Records for this exercise —
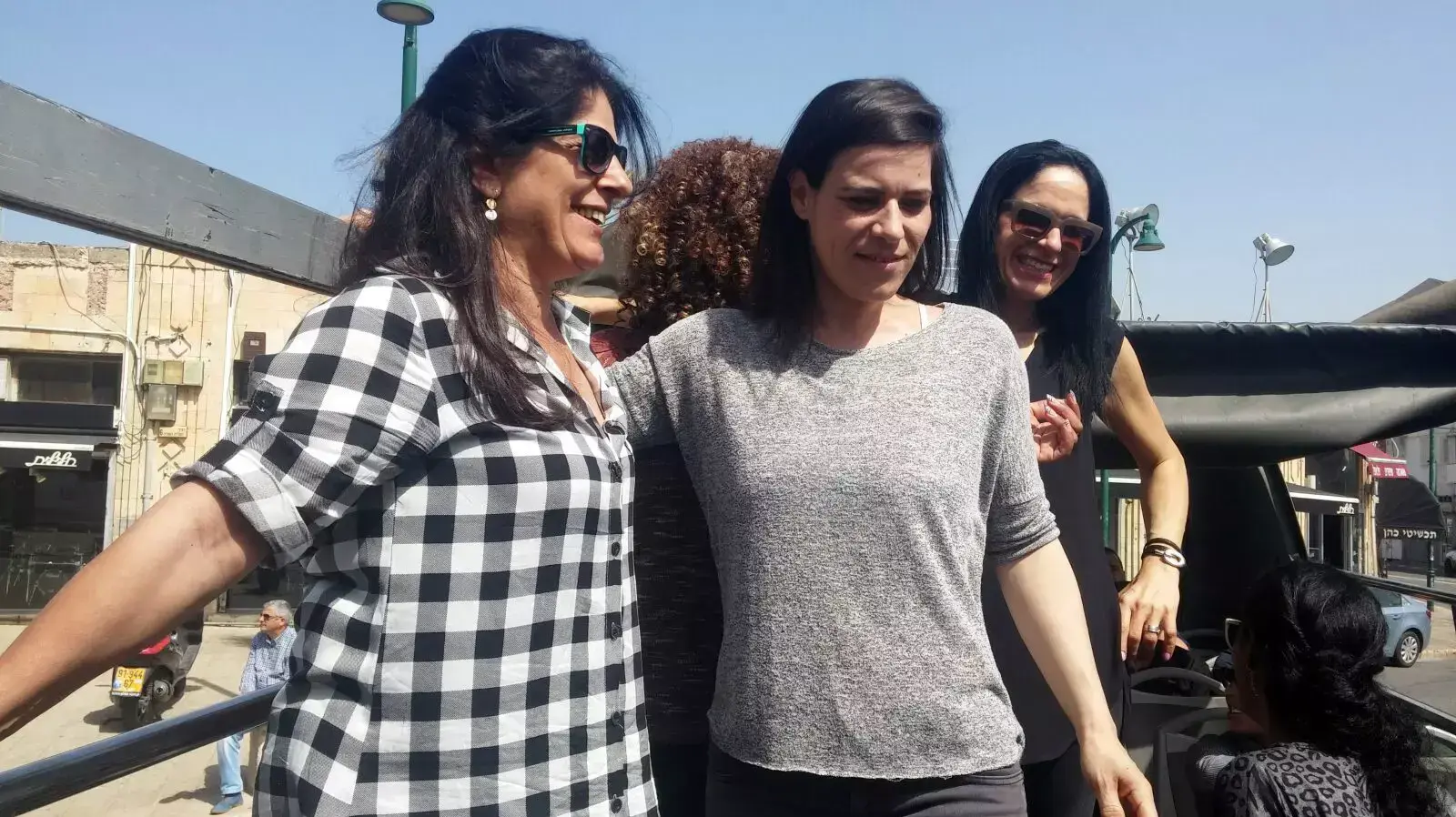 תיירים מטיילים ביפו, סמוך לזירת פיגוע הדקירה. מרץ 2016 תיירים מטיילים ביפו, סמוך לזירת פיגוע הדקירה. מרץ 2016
---
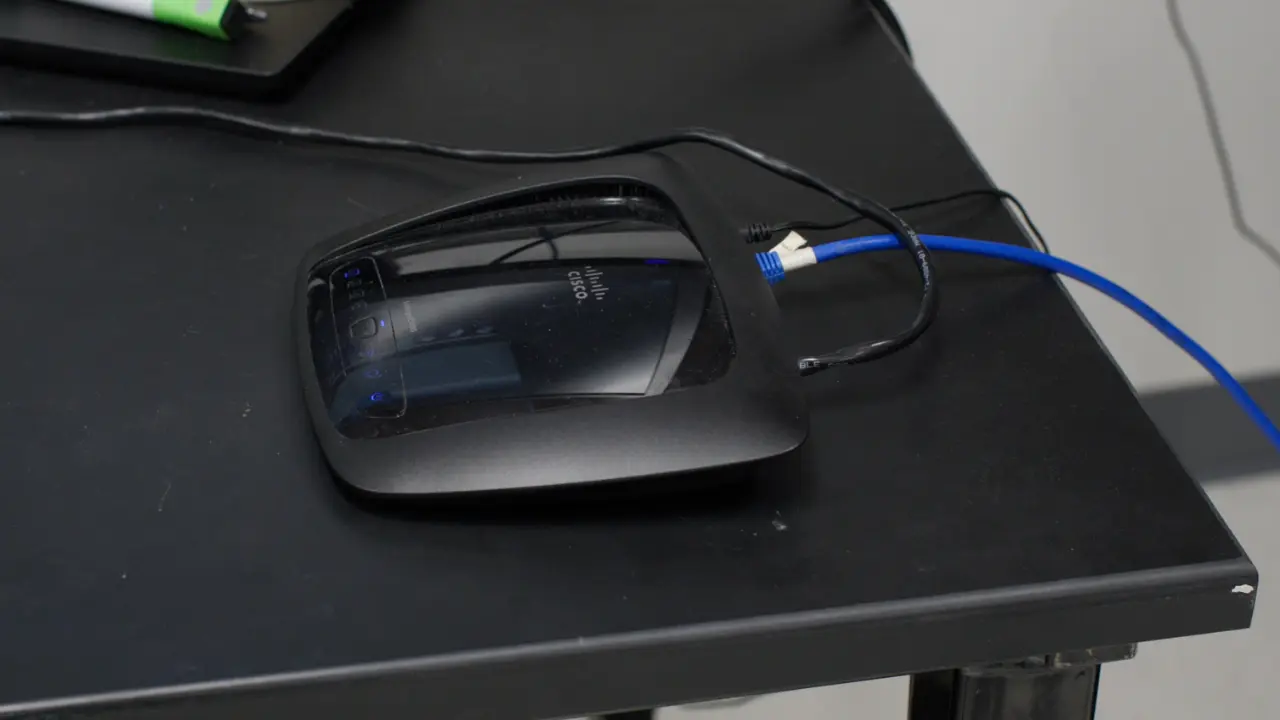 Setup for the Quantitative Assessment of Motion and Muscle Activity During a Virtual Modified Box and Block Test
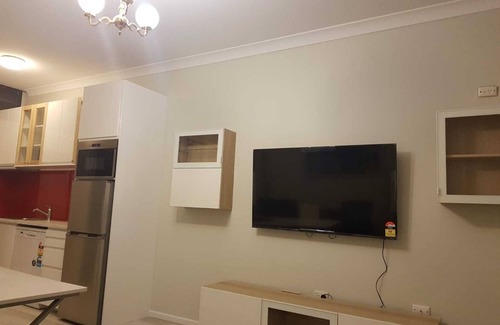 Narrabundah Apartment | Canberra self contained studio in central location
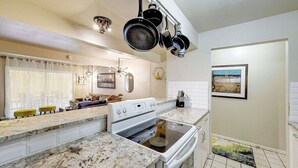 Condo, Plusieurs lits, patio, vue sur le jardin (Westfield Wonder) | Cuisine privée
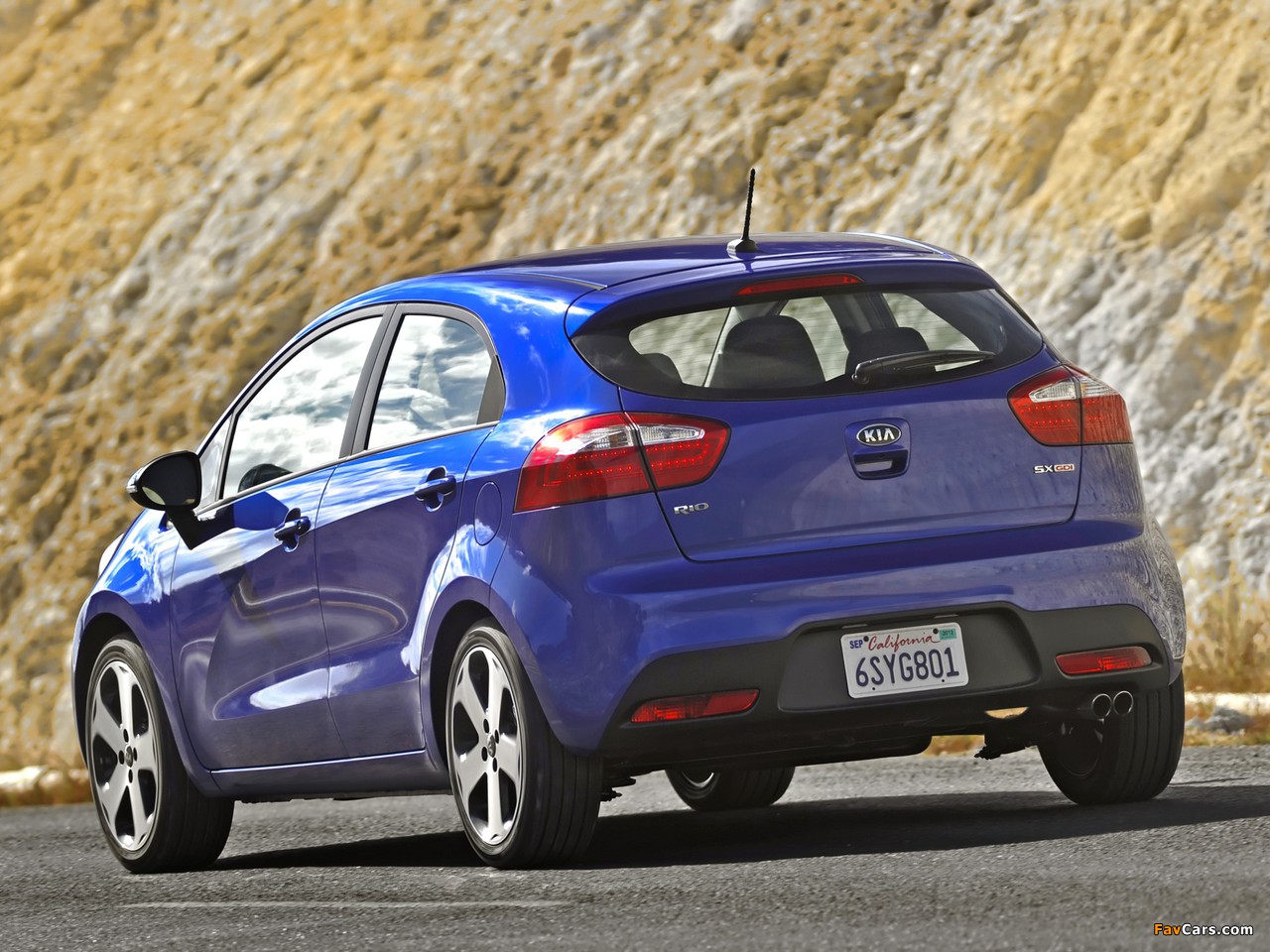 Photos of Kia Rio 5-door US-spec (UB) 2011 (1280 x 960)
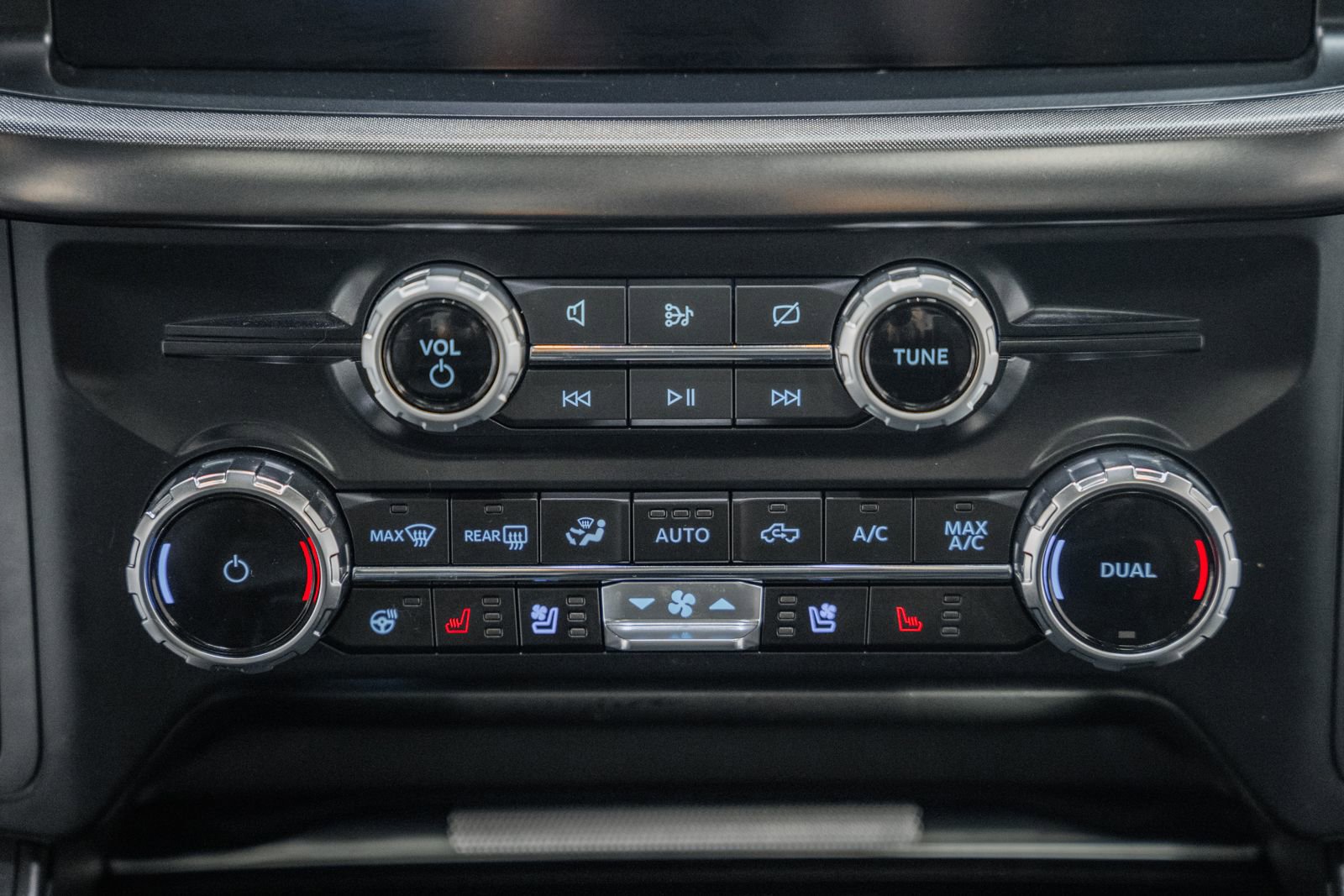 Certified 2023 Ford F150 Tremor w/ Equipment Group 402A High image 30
---
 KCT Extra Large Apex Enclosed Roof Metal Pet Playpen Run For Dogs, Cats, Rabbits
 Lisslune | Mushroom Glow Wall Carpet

What this task involves —
Starting at the line containing "Narrabundah Apartment |" and stopping at the line containing "Certified 2023 Ford", output each line exactly as it appears above. Leave out the pictures.

Response to the exercise —
 Narrabundah Apartment | Canberra self contained studio in central location
 Condo, Plusieurs lits, patio, vue sur le jardin (Westfield Wonder) | Cuisine privée
 Photos of Kia Rio 5-door US-spec (UB) 2011 (1280 x 960)
 Certified 2023 Ford F150 Tremor w/ Equipment Group 402A High image 30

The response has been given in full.